MAJOR REFRAMES IN THE FIELD OF HUMAN SERVICES
How we think about what is most important in our work with people with disabilities are the frames that determine what values we espouse, what we choose to do, what we choose to learn. These frames have been changing significantly in almost every area of human services. For example, we heard a professional in the field of developmental disabilities offer, by way of definition of the disability,  "What we know is that these people learn more slowly." This frames the entire nature of developmental disabilities as well as the definition of learning, the process of learning, and therefore, the nature of our work with people "who learn more slowly." How will we know if our work is successful? Using this professional's definition, we will watch for evidence of change, no matter how small, no matter how long it takes. We will watch for evidence of learning, and so we may pay more attention to what is to be learned and therefore, what we will teach. Within this definition, our roles are primarily as teachers and facilitators for those we support as learners. We are the links between the world, the entire environment, and those who are learning more slowly to more fully join in that world. Our roles shift slightly from being primarily providers of care to teachers. This definition affects what we will choose to learn ourselves. - TOP

The Reframe of Person-Centered Planning
If we assume the roles of teachers and facilitators, what is it that we are to teach, and what is that we are to learn? This is where the new frames of person-centered planning and the theory and practice of outcomes chosen by each individual become important. When we have the concept of a "learner," it becomes important to know what it is that the learner wants to learn so that we can provide the necessary experiences and facilitate his or her interactions with the environment. Only when we have this information can we teach what the learner wants to learn, and therefore, help individuals move toward those outcomes that they have chosen as the most important in their lives.
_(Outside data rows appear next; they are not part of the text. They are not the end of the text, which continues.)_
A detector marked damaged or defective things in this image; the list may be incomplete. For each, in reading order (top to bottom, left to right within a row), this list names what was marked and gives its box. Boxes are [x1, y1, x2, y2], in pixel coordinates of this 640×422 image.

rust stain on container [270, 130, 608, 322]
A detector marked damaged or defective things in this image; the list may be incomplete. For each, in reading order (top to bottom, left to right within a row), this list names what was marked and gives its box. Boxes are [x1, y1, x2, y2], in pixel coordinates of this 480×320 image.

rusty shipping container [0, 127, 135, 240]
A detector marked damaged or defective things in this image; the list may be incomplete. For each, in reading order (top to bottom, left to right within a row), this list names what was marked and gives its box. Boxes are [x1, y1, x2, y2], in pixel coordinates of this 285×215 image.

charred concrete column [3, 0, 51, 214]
In this frame, we reframe the past in terms of what we did not yet know. We reframe the future in terms of what we choose to learn and the goals we set. The present is for providing experiences that will give us the opportunity to learn in order to move toward important outcomes. The past nor the future is who  we are. This is an empowering reframe because no matter where we find ourselves, we will always determine what is to be learned right here, right now. And we will go about setting goals for ourselves and designing learning experiments.
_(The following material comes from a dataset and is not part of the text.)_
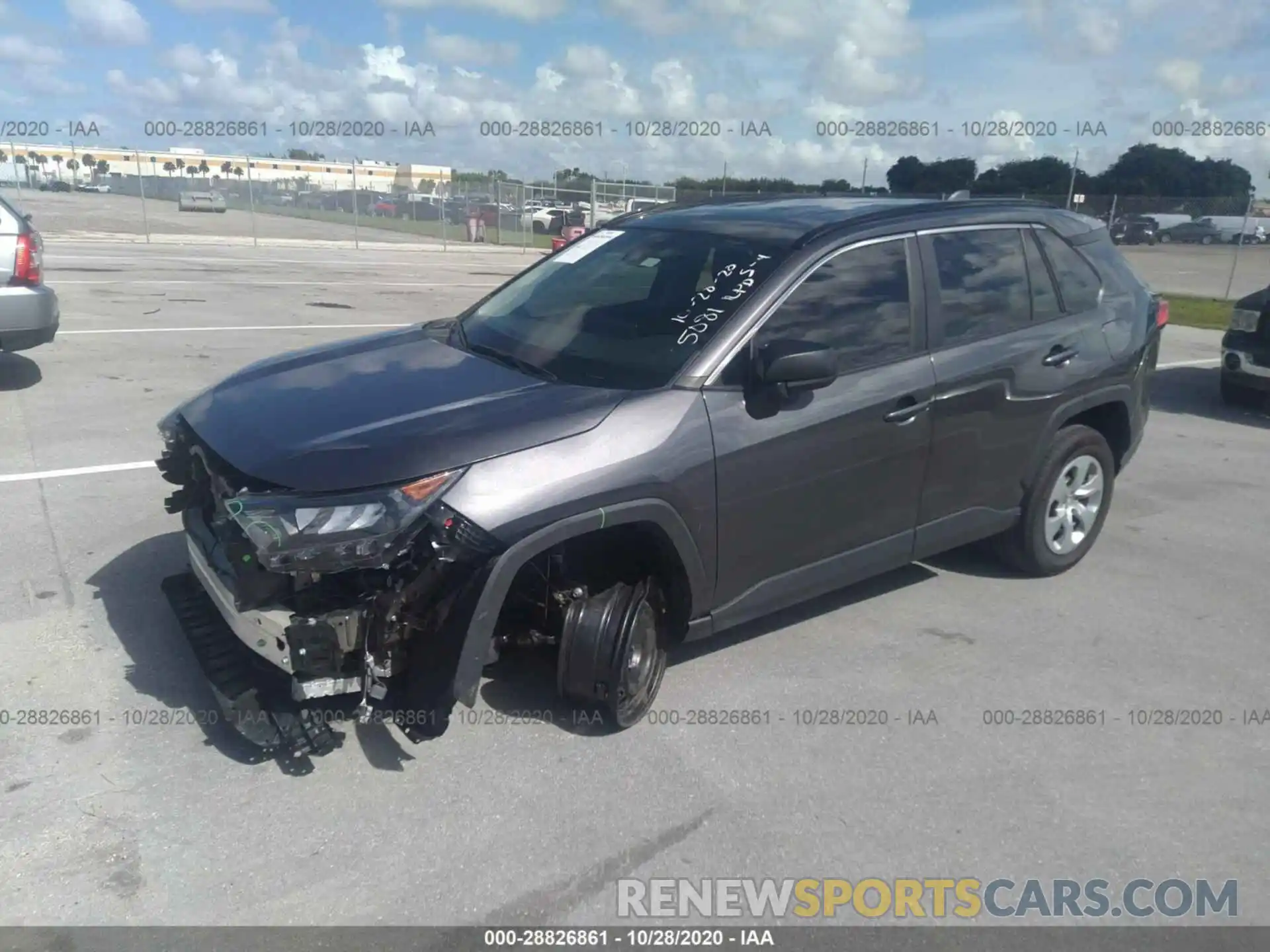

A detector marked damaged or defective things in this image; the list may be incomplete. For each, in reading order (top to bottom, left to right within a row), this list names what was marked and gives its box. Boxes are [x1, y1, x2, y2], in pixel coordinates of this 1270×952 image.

New Frames for Thinking about Environment
If we think of the immediate environment around a person as a "container" of that person, we must immediately recognize that the container we provide for persons with developmental disabilities is one we are constantly attempting to grow and enlarge. This container - a known environment  - is the place in which a person has the most safety, the most familiarity, can move with ease, has the most defined choices, knows the expectations of the environment and the people in it. Within this container, he or she can adjust expectations accordingly, with some real knowledge of cause and effect.

The concept of enlarging this space around a person with a disability is a major reframe. Knowing that the larger the container, the less predictable the environment, society historically has attempted to further and further restrict and constrict the containers provided for persons with all types of disabilities. This is where the importance and the complexity of increased choice become apparent. The larger the container in which we live, the more choices we will be called on to make for ourselves. The larger the container, the more personal responsibility. The larger the container, the more information about choices is required. The container also must be large enough container to allow for some real self-expression. Yet we must actually have a boundary to the container - the security of a known space - to have the comfort of ritual and the comfort of expectations that we can assume will be met.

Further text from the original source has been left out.